Assignment:
Find the line containing "Vingino T-shirt HAVAR zwart/wit/kaki" in the entries below. Restate it and each line after it, word for word, up to and including the line containing "LYFPOOM Bohrbasis Tablet".

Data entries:
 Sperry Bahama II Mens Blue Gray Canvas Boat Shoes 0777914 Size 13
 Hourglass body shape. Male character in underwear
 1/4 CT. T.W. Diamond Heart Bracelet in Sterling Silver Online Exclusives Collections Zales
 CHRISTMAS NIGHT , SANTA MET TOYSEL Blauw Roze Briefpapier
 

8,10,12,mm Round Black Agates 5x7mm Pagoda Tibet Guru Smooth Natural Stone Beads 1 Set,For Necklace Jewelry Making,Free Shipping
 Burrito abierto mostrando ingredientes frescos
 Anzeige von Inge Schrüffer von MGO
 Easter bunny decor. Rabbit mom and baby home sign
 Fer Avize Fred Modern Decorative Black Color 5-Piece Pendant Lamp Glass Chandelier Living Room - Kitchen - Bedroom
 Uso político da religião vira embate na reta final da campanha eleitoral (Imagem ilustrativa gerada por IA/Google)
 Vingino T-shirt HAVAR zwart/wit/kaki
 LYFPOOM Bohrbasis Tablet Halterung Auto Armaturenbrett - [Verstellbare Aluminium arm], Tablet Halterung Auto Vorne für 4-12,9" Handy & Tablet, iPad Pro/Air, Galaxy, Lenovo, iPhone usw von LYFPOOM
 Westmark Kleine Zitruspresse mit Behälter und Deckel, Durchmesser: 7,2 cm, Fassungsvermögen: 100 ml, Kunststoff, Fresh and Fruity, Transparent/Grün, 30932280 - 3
==
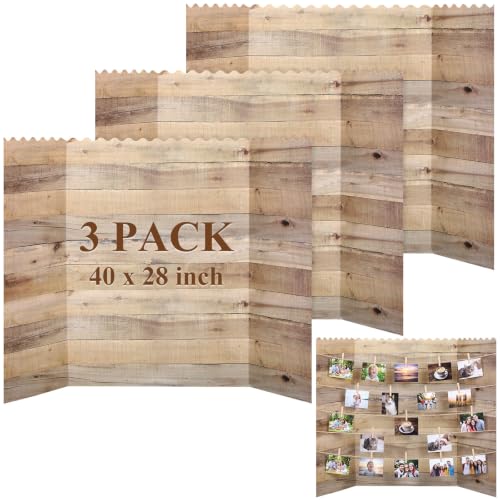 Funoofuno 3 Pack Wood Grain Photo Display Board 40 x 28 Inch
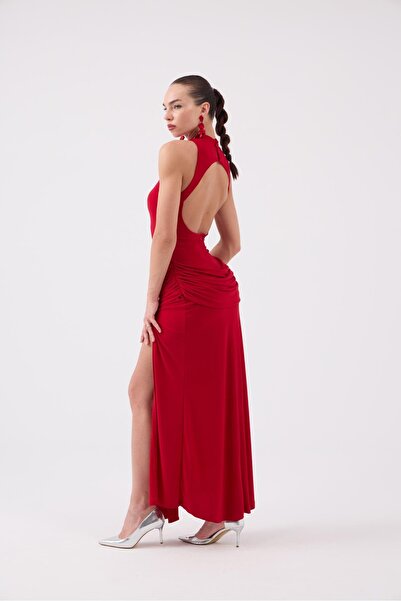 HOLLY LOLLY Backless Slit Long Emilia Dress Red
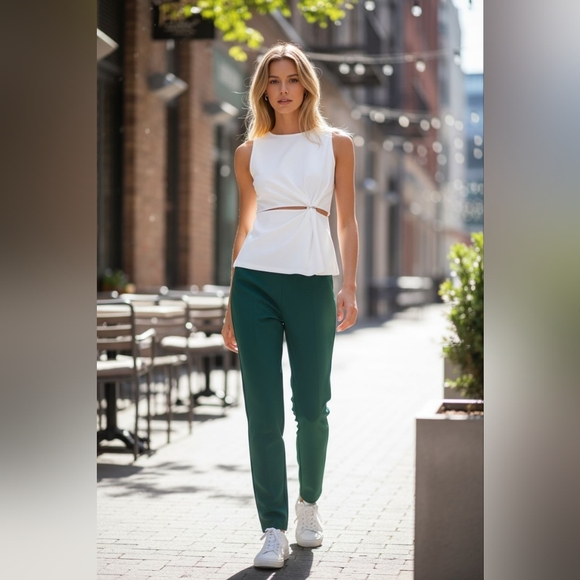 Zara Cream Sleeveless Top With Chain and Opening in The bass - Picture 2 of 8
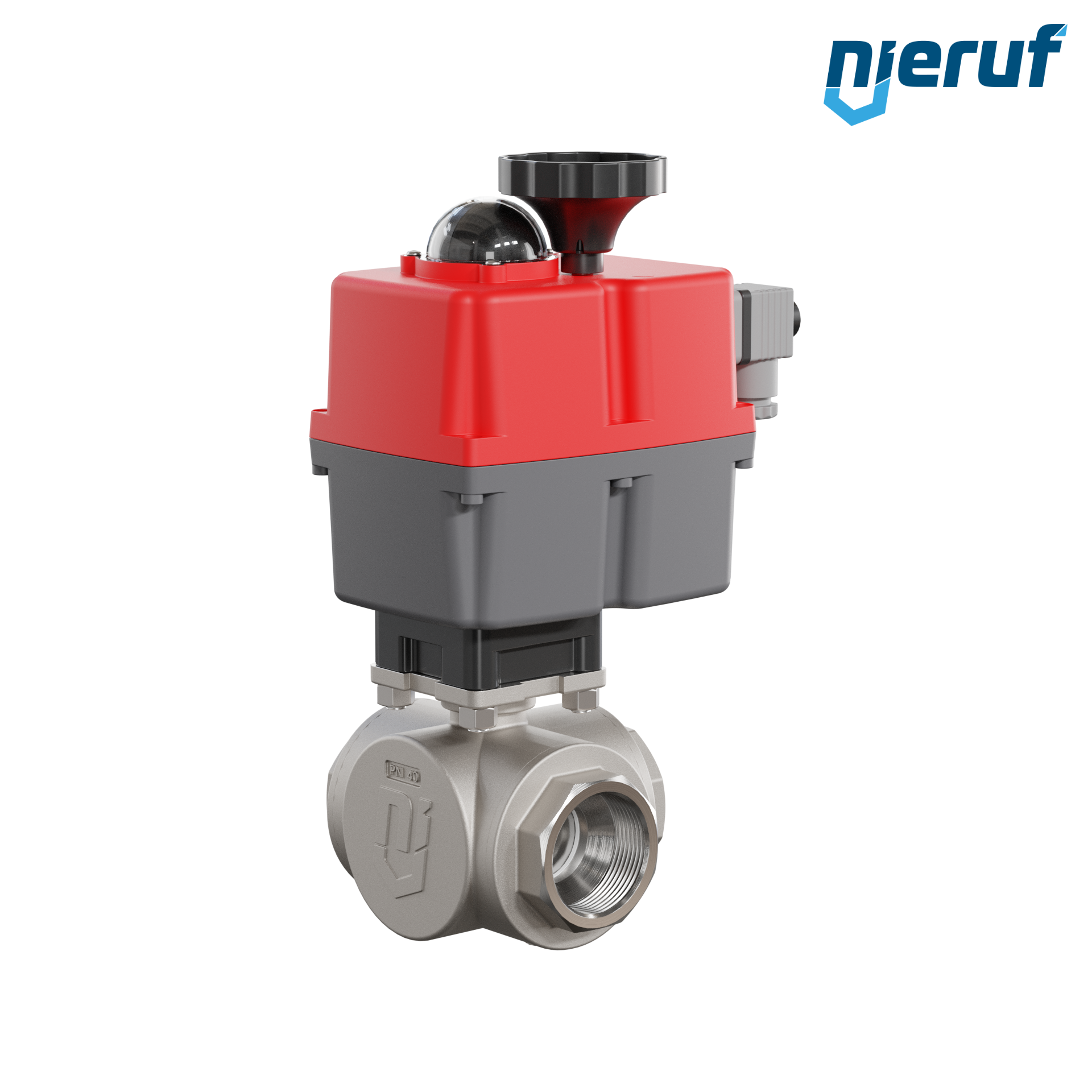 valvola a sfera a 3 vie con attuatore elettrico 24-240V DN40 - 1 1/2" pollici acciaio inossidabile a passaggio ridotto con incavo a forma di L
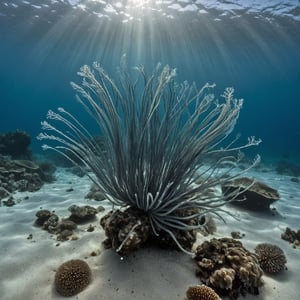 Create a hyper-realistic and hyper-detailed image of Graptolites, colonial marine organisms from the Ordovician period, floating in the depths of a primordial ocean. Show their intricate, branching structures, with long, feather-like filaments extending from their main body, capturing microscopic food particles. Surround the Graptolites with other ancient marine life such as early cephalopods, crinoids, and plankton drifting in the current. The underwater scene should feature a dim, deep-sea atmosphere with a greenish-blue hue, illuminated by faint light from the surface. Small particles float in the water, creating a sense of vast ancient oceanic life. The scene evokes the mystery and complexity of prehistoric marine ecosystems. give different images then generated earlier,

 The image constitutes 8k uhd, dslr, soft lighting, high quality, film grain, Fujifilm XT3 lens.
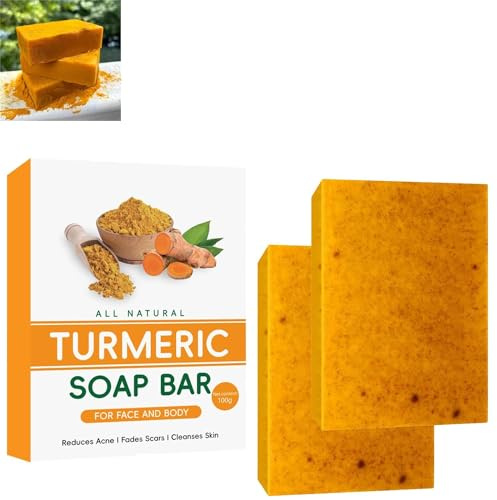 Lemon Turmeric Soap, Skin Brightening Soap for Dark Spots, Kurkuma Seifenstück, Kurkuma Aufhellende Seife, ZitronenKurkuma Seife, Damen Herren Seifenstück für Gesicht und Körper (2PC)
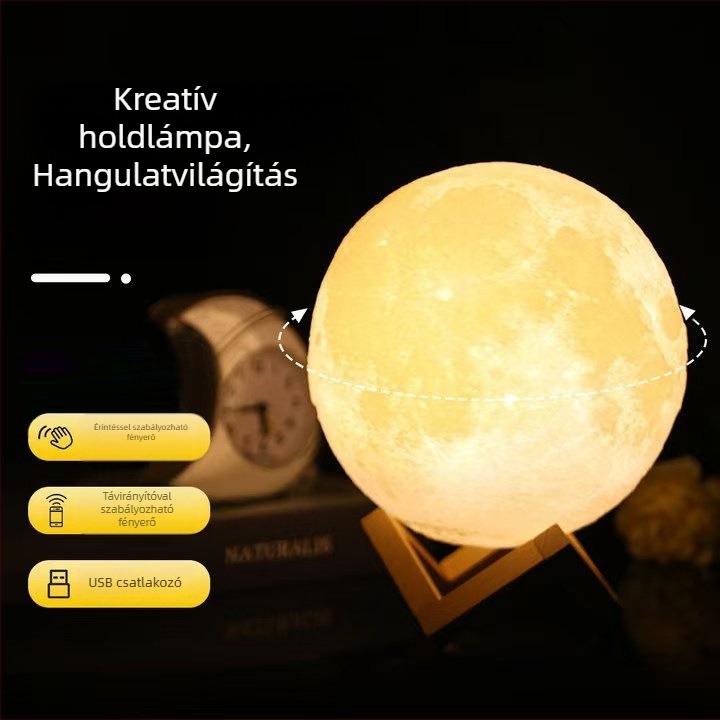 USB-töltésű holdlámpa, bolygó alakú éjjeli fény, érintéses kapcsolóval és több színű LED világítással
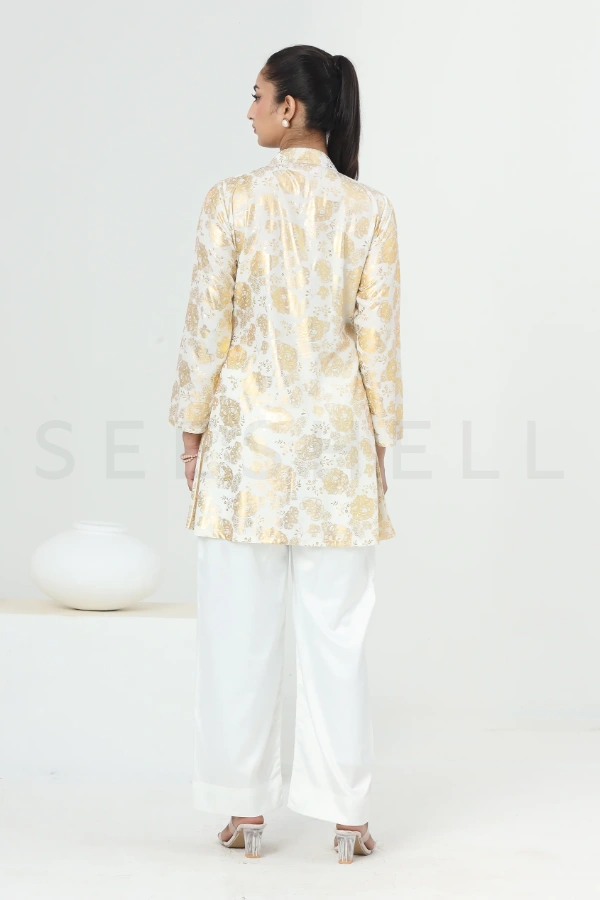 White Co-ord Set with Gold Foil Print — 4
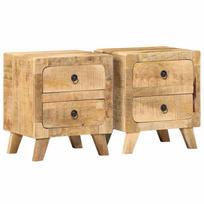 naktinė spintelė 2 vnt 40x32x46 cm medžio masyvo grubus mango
==
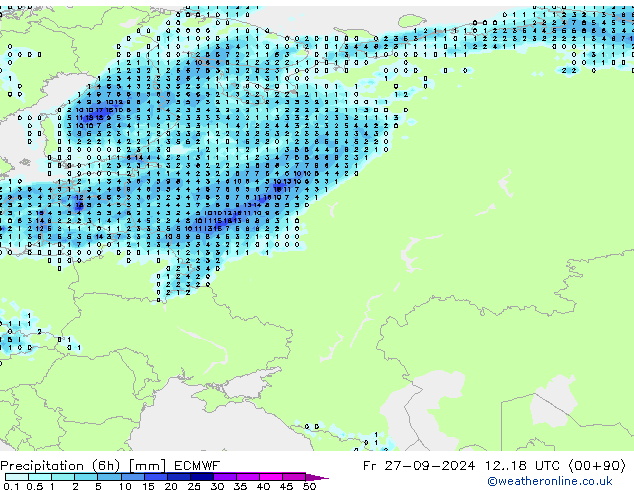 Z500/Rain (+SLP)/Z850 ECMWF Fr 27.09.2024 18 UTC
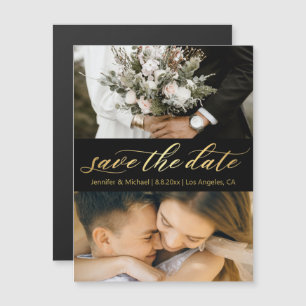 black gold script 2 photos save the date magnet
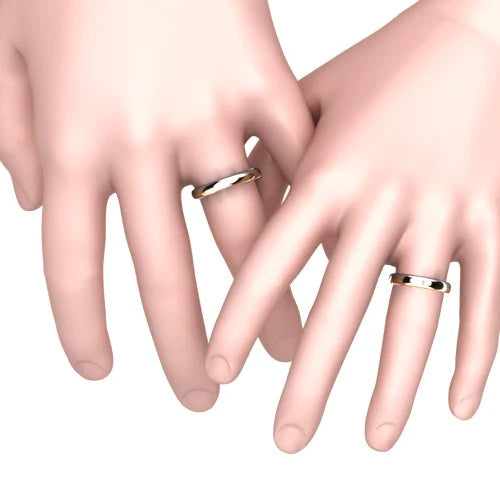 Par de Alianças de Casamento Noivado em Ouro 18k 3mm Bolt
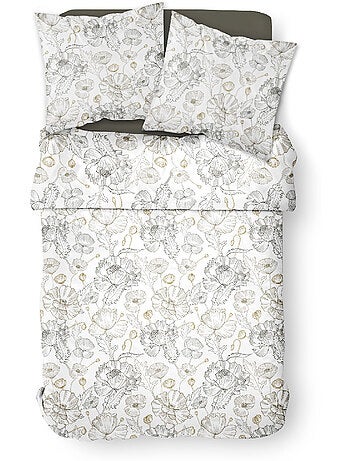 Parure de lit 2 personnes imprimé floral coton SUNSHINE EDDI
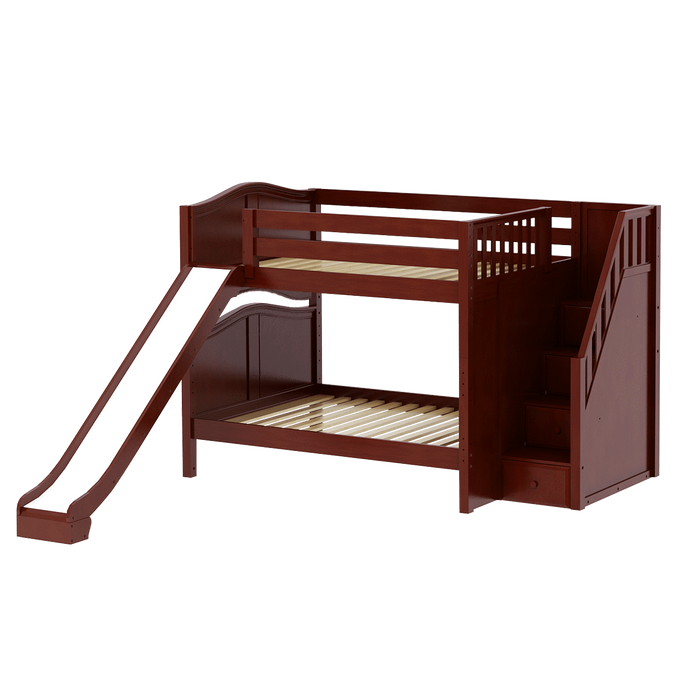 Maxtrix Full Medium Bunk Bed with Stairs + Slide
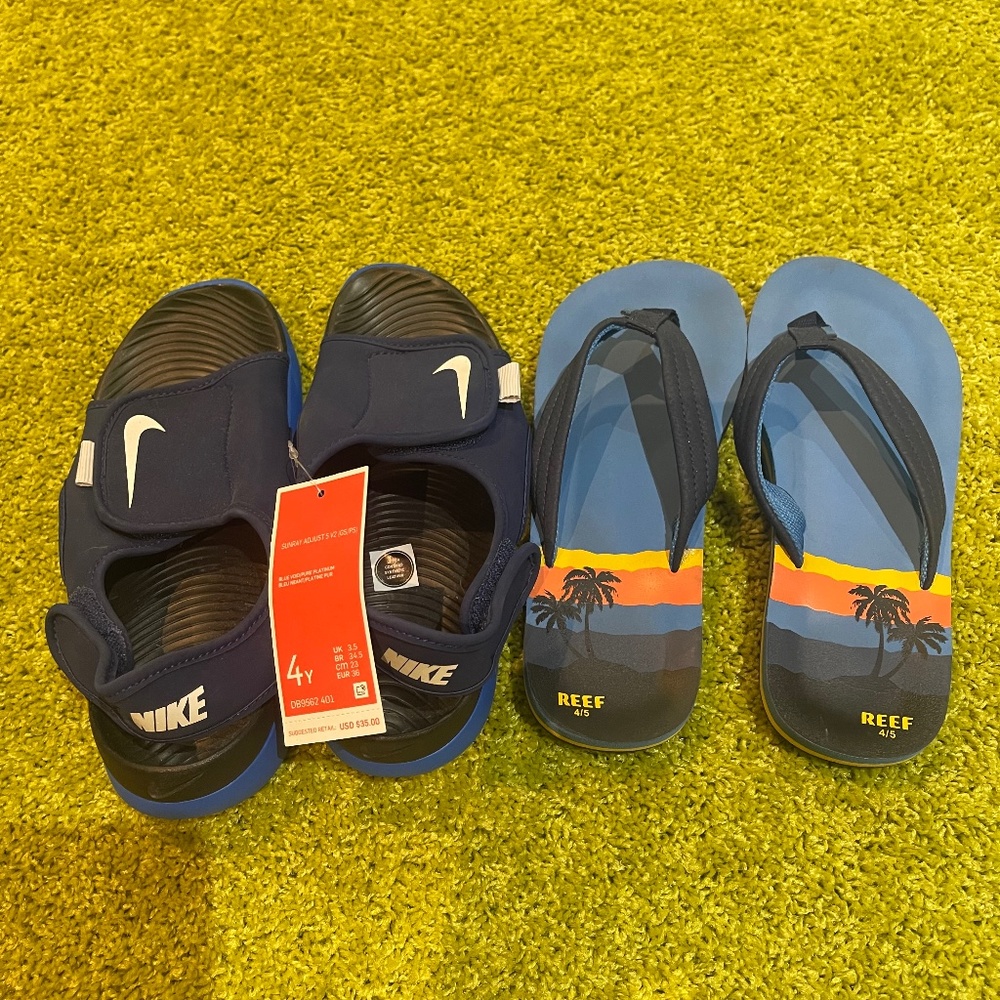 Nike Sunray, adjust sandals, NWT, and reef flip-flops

Reply:
 Vingino T-shirt HAVAR zwart/wit/kaki
 LYFPOOM Bohrbasis Tablet Halterung Auto Armaturenbrett - [Verstellbare Aluminium arm], Tablet Halterung Auto Vorne für 4-12,9" Handy & Tablet, iPad Pro/Air, Galaxy, Lenovo, iPhone usw von LYFPOOM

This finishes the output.